- _ASSIGNMENT_
The records that follow are to be given again exactly.

*** INPUT

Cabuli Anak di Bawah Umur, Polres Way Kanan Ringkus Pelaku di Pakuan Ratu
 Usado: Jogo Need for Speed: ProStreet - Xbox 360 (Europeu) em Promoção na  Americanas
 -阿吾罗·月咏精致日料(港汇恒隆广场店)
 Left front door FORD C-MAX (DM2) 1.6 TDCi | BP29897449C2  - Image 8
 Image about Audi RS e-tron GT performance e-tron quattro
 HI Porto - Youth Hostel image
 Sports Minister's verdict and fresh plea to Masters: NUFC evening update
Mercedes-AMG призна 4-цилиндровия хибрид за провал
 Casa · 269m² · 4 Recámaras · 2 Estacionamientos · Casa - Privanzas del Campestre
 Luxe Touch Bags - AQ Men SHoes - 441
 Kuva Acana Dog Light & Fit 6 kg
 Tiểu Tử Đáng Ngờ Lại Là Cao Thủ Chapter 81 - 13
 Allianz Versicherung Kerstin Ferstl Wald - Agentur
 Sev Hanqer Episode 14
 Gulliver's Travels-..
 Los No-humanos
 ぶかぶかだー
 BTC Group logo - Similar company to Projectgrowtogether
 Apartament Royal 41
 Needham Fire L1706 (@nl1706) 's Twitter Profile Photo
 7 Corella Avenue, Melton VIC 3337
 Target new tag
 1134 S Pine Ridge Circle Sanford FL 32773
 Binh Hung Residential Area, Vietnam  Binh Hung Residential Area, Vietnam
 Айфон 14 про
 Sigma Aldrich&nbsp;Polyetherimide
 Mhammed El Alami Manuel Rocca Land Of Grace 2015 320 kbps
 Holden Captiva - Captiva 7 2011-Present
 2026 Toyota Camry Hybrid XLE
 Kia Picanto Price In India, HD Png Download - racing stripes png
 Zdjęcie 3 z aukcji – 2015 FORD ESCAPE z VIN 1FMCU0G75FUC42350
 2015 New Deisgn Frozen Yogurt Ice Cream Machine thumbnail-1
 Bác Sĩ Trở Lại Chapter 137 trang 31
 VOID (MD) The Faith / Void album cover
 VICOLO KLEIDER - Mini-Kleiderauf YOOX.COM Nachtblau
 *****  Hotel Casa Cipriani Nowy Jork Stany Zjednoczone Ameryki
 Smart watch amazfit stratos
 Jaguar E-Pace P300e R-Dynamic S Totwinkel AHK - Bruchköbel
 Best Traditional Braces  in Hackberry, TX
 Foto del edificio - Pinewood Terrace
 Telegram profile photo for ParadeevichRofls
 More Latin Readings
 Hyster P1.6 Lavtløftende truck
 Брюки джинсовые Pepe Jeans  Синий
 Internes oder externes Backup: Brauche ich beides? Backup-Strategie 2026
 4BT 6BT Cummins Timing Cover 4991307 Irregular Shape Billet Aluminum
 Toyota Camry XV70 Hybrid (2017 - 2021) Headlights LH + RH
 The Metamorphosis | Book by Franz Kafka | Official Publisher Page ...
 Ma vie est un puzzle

******

- _ANSWER SPACE_
Cabuli Anak di Bawah Umur, Polres Way Kanan Ringkus Pelaku di Pakuan Ratu
 Usado: Jogo Need for Speed: ProStreet - Xbox 360 (Europeu) em Promoção na  Americanas
 -阿吾罗·月咏精致日料(港汇恒隆广场店)
 Left front door FORD C-MAX (DM2) 1.6 TDCi | BP29897449C2  - Image 8
 Image about Audi RS e-tron GT performance e-tron quattro
 HI Porto - Youth Hostel image
 Sports Minister's verdict and fresh plea to Masters: NUFC evening update
Mercedes-AMG призна 4-цилиндровия хибрид за провал
 Casa · 269m² · 4 Recámaras · 2 Estacionamientos · Casa - Privanzas del Campestre
 Luxe Touch Bags - AQ Men SHoes - 441
 Kuva Acana Dog Light & Fit 6 kg
 Tiểu Tử Đáng Ngờ Lại Là Cao Thủ Chapter 81 - 13
 Allianz Versicherung Kerstin Ferstl Wald - Agentur
 Sev Hanqer Episode 14
 Gulliver's Travels-..
 Los No-humanos
 ぶかぶかだー
 BTC Group logo - Similar company to Projectgrowtogether
 Apartament Royal 41
 Needham Fire L1706 (@nl1706) 's Twitter Profile Photo
 7 Corella Avenue, Melton VIC 3337
 Target new tag
 1134 S Pine Ridge Circle Sanford FL 32773
 Binh Hung Residential Area, Vietnam  Binh Hung Residential Area, Vietnam
 Айфон 14 про
 Sigma Aldrich&nbsp;Polyetherimide
 Mhammed El Alami Manuel Rocca Land Of Grace 2015 320 kbps
 Holden Captiva - Captiva 7 2011-Present
 2026 Toyota Camry Hybrid XLE
 Kia Picanto Price In India, HD Png Download - racing stripes png
 Zdjęcie 3 z aukcji – 2015 FORD ESCAPE z VIN 1FMCU0G75FUC42350
 2015 New Deisgn Frozen Yogurt Ice Cream Machine thumbnail-1
 Bác Sĩ Trở Lại Chapter 137 trang 31
 VOID (MD) The Faith / Void album cover
 VICOLO KLEIDER - Mini-Kleiderauf YOOX.COM Nachtblau
 *****  Hotel Casa Cipriani Nowy Jork Stany Zjednoczone Ameryki
 Smart watch amazfit stratos
 Jaguar E-Pace P300e R-Dynamic S Totwinkel AHK - Bruchköbel
 Best Traditional Braces  in Hackberry, TX
 Foto del edificio - Pinewood Terrace
 Telegram profile photo for ParadeevichRofls
 More Latin Readings
 Hyster P1.6 Lavtløftende truck
 Брюки джинсовые Pepe Jeans  Синий
 Internes oder externes Backup: Brauche ich beides? Backup-Strategie 2026
 4BT 6BT Cummins Timing Cover 4991307 Irregular Shape Billet Aluminum
 Toyota Camry XV70 Hybrid (2017 - 2021) Headlights LH + RH
 The Metamorphosis | Book by Franz Kafka | Official Publisher Page ...
 Ma vie est un puzzle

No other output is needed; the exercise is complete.